As services began to be introduced, they too were mostly gratis.  Newsgroups (discussion forums), public email such as Hotmail, the early search engine Archie (1990), IRC (early messaging service), Mbone for video streaming (1992), etc.

Blogs (1994) began a new media form, books were downloadable from project Gutenberg, eZines (online magazines) abound, all complimentary.  The publishing sector was in the early stage of being transformed.

Free seem to underlie the foundation of the early internet.  Perhaps this early history had a role in developing the culture of ‘free’.

Dot.com run-up

Netscape was the first high profile company that used free by giving away its Navigator browser (1995). It caused a stir.

Then Yahoo (1996) with news content, Hotmail (1996) for email, Craiglist (1996) for classified advertisements (except recruitment), Google’s search (1998), etc.

Napster (1999) did it for music and to me, the creators were truly innovative.  Not only did it eventually re-price, perhaps right-price music, it birthed the sharing economy.  Music shouldn’t be free but it ought to be cheaper now that the internet is used for distribution.
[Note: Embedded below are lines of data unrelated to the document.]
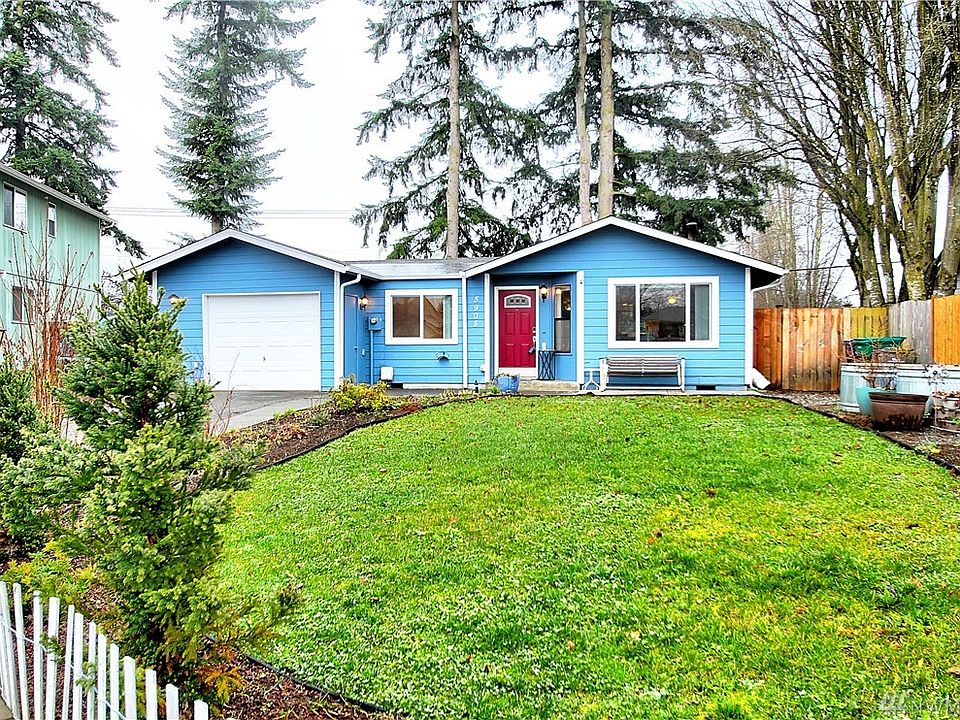 1st image of 5908 132nd Pl NE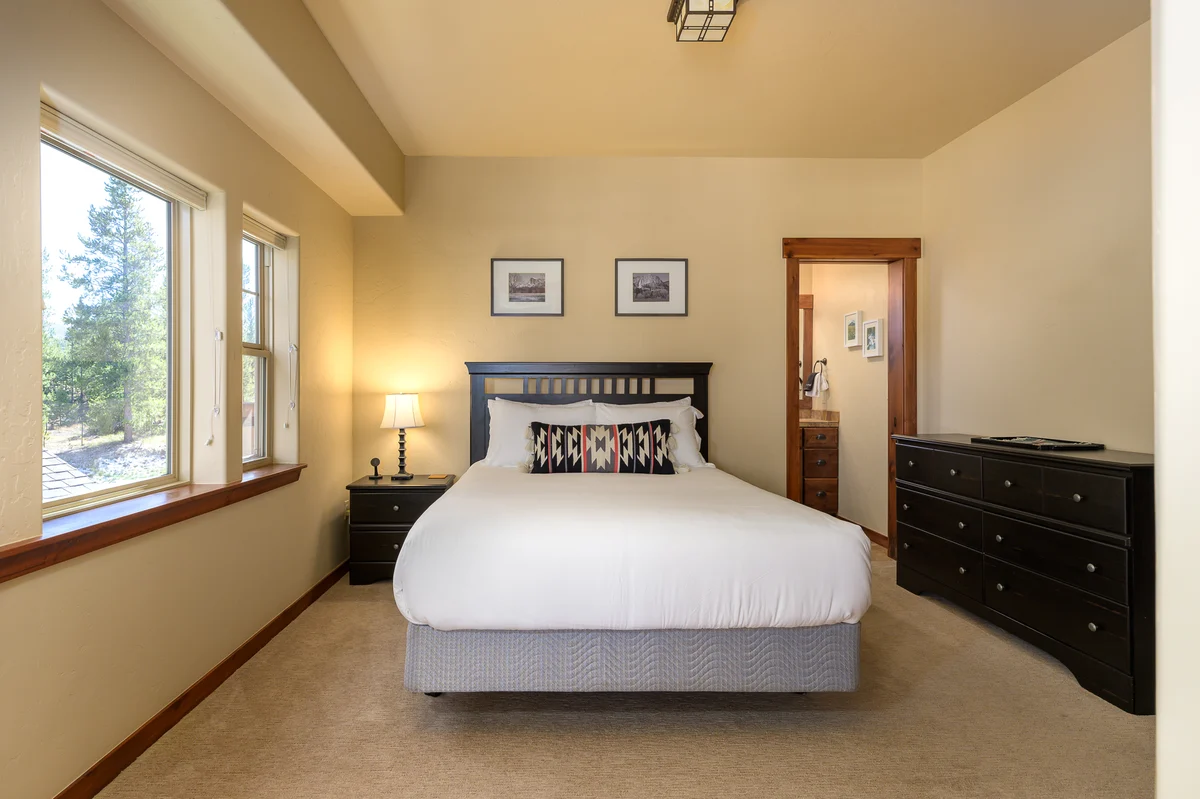 Grand Park Cozens Pointe Condo H-201 #3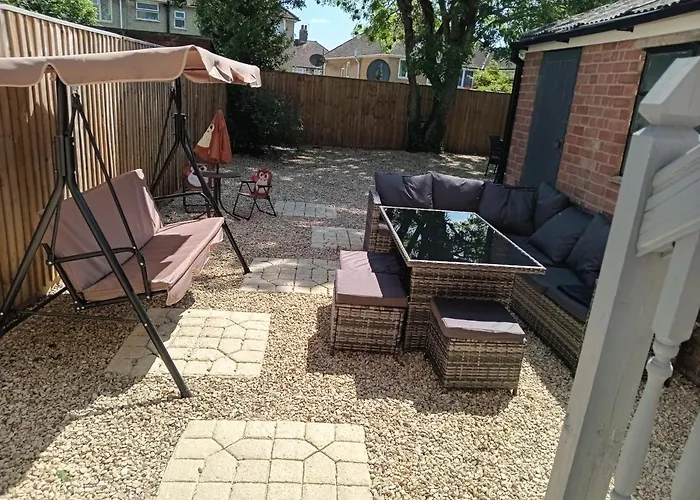 Luxury House 4 Ensuite Bedrooms, Free Parking ,Wifi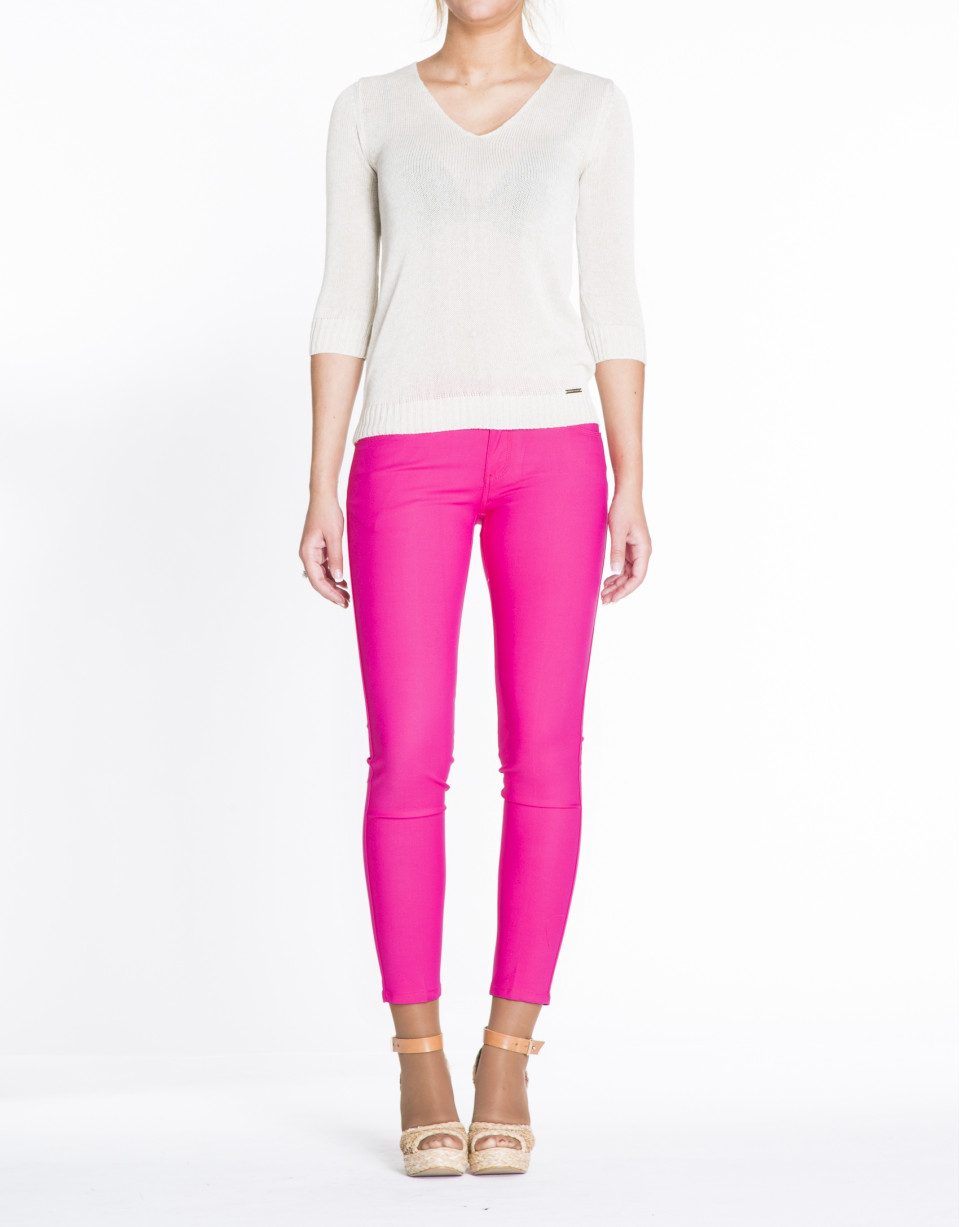 Jersey de lino en beige cuello V.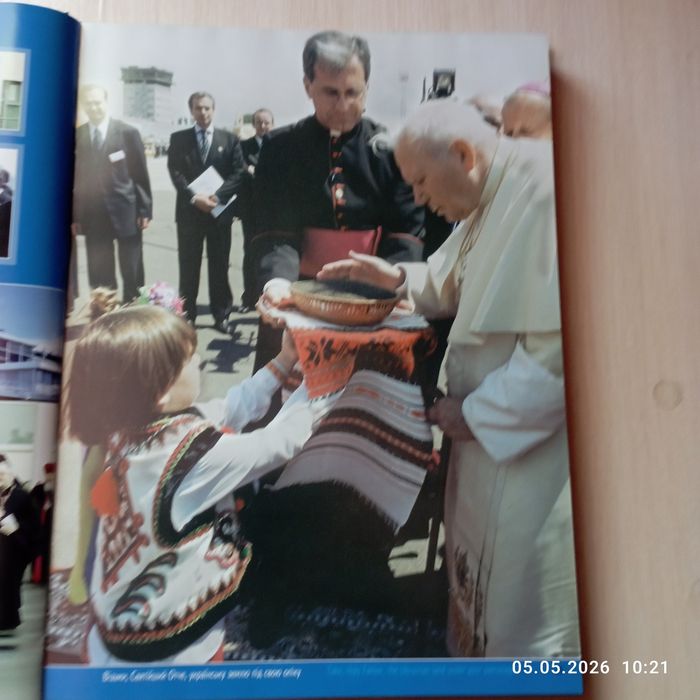 Книга про папу Івана Павла 2"Україно, ти моя молитва"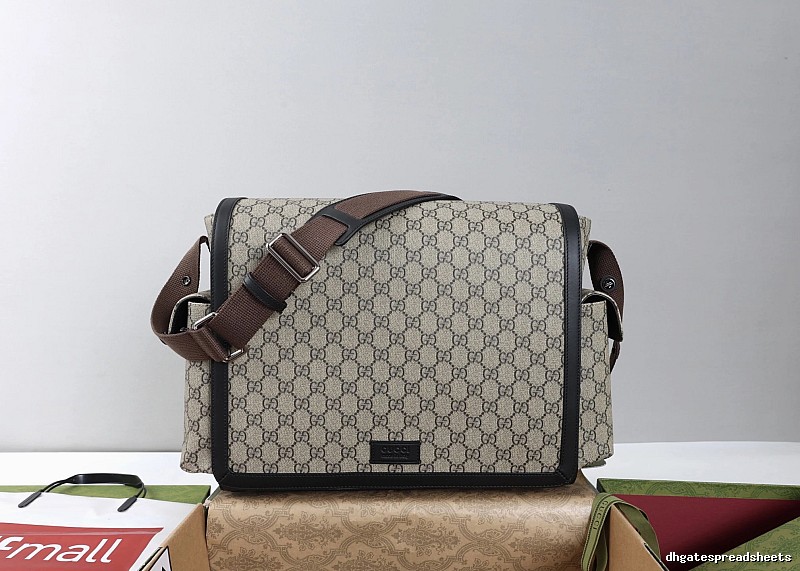 Gucci Messenger Bag with Beige GG Messenger for Streetwear Looks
Their peer-to-peer model used the direct model of the internet to do this by cutting through middlemen and removing traditional distribution costs.  The p2p model is now reinventing industries, a massive opportunity.  See http://internetbusinessmodelasia.blogspot.com/2013/11/the-peer-to-peer-business-model-part-i.html

These are a few pioneering commercial entities that continued with ‘free’,  the beginnings of ‘free’ as a business model.  ‘Free’ made them.  They also made free what it is today.  Ask them if free have value?

Some use ‘free’ strategically

Dropbox, the free cloud storage provider uses ‘free’ strategically and succeeded in building up market share.  Facebook, Weibo, LinkedIn, Twitter, Instagram, Pinterest trade ‘free’ use for data, making them.  Others like WhatsApp, WeChat, Zynga use free for market share.  ‘Free’ helped YouTube transform tv. Yelp, Quora, Evernote, Spotify, Flickr business model seem to be based on ‘free’.

Would Android phones be so pervasive if not for Google’s game plan to give it away?

The net is famously full of free stuff so much so that it has entered the consciousness of consumers  and  expectation so perhaps this is one reason these firms use ‘free’ but whatever, ‘free’ has entered the lexicon of business.

They are mostly tech firms.

But actually non-tech firms, conspicuously, have also been using ‘free’

Local Motors Inc (US) open source their car designs so others can improve them.  BMW released a digital design kit for its GPS for anyone to design telematic features of cars.  Gratis R&D!

CAMBRIA, an Australian biotech institute makes available their results to scientists.

‘Liter of light’, a social enterprise put the design of its cheap ‘light’ (light up homes in slums with a litre bottle filled with water) in the public domain to help it spread.

TED created a free license for others to host local conferences, called TEDx.  Now TEDx events are held every day somewhere in the world.  These events add lustre to the main conference rather than dilute them.  This made the TED name a global brand at no cost.

The open source model is used by software firms for marketing, sales and R&D.  It’s about global reach at no cost with free software.  What is the traditional cost to do this; foreign offices, staff, risks, marketing budget?

The Guardian newspaper in Britain encourages public access to a data source of their articles through an engagement platform.  This enhances its content, inputting new ideas and no doubt strengthen customer relationship.  This taps into outside creativity.  It is using ‘free’ in business development.

Free has little friction

And so it can be a powerful tool for business development.

‘Free’ is being used today for market surveys, marketing, sales, design, science, product development, service development, community development, social development, R&D.  It has been used to build brands and for global sales. It is one way to attempt the network effect to scale up an opportunity fast.

The freer it is, the faster it spreads. 

More conventional companies ought to look into it.  After all, it’s free!